If a line holds an image, leave the image out; write out everything else in the records exactly.

☆ ☆ ☆

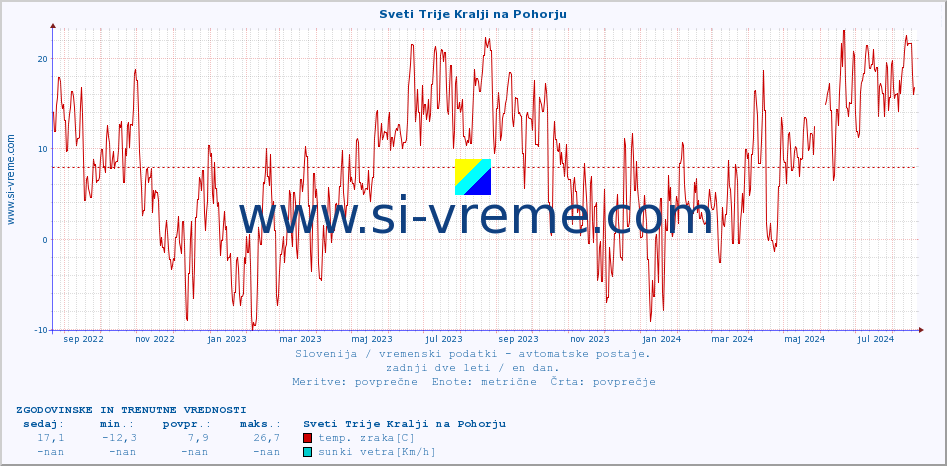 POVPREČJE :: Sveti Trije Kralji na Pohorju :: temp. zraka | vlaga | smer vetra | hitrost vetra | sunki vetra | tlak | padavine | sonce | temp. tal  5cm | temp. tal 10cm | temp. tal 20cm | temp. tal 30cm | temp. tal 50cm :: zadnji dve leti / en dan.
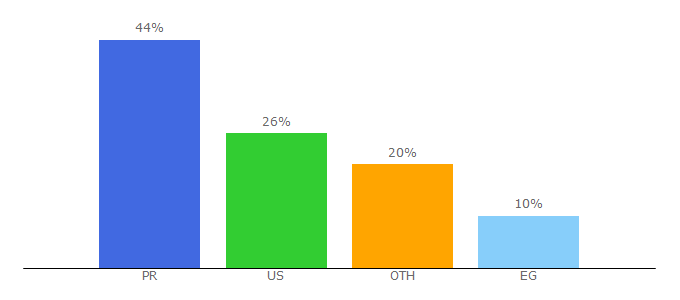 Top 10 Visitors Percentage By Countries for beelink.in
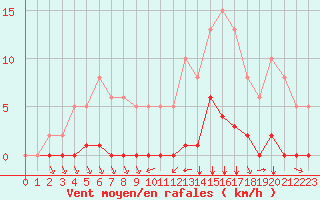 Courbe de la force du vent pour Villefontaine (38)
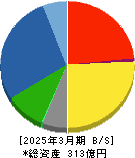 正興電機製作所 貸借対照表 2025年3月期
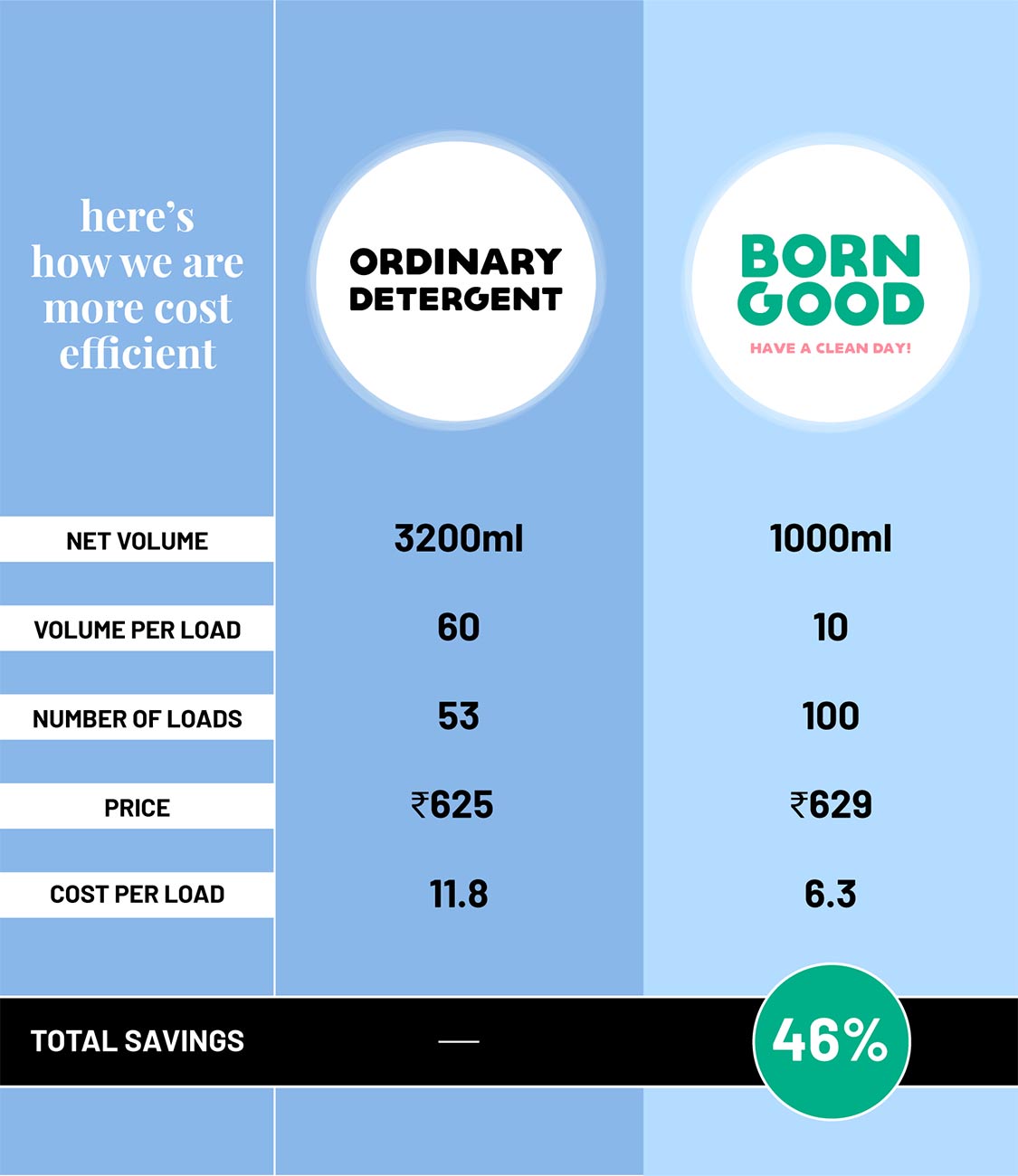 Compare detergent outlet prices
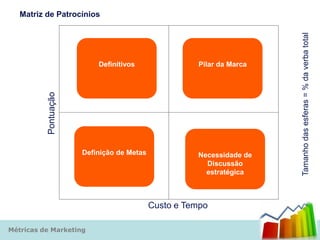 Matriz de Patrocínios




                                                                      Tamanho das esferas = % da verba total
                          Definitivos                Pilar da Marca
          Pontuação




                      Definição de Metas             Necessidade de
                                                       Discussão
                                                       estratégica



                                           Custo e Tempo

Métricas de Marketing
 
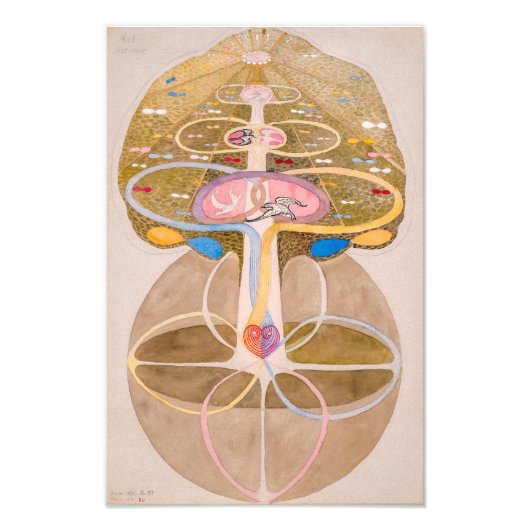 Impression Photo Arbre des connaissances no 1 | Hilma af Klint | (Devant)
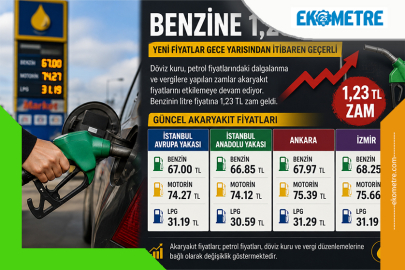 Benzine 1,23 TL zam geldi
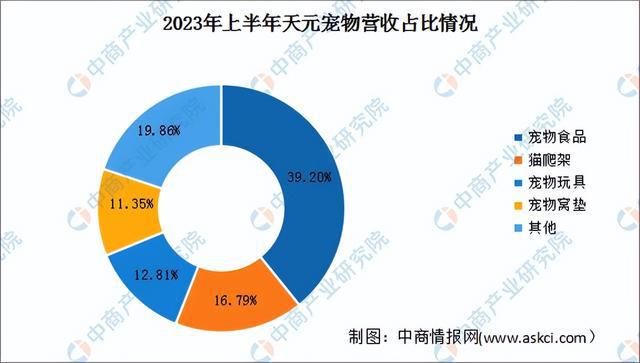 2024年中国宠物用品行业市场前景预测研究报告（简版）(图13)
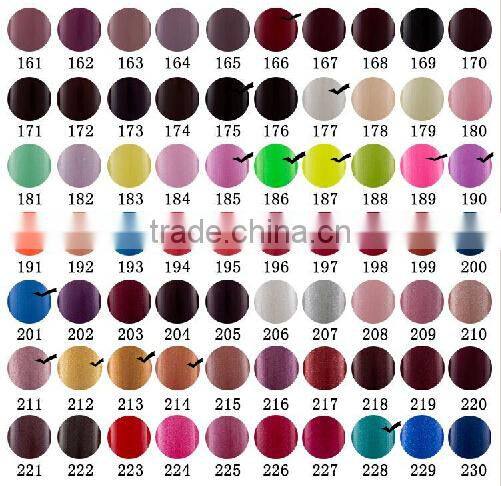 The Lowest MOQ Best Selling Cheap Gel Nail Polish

☆ ☆ ☆

PROBLEM SOLUTION
 POVPREČJE :: Sveti Trije Kralji na Pohorju :: temp. zraka | vlaga | smer vetra | hitrost vetra | sunki vetra | tlak | padavine | sonce | temp. tal  5cm | temp. tal 10cm | temp. tal 20cm | temp. tal 30cm | temp. tal 50cm :: zadnji dve leti / en dan.
 Top 10 Visitors Percentage By Countries for beelink.in
 Courbe de la force du vent pour Villefontaine (38)
 正興電機製作所 貸借対照表 2025年3月期
 Compare detergent outlet prices
 Matriz de Patrocínios




                                                                      Tamanho das esferas = % da verba total
                          Definitivos                Pilar da Marca
          Pontuação




                      Definição de Metas             Necessidade de
                                                       Discussão
                                                       estratégica



                                           Custo e Tempo

Métricas de Marketing
 
 Impression Photo Arbre des connaissances no 1 | Hilma af Klint | (Devant)
 Benzine 1,23 TL zam geldi
 2024年中国宠物用品行业市场前景预测研究报告（简版）(图13)
 The Lowest MOQ Best Selling Cheap Gel Nail Polish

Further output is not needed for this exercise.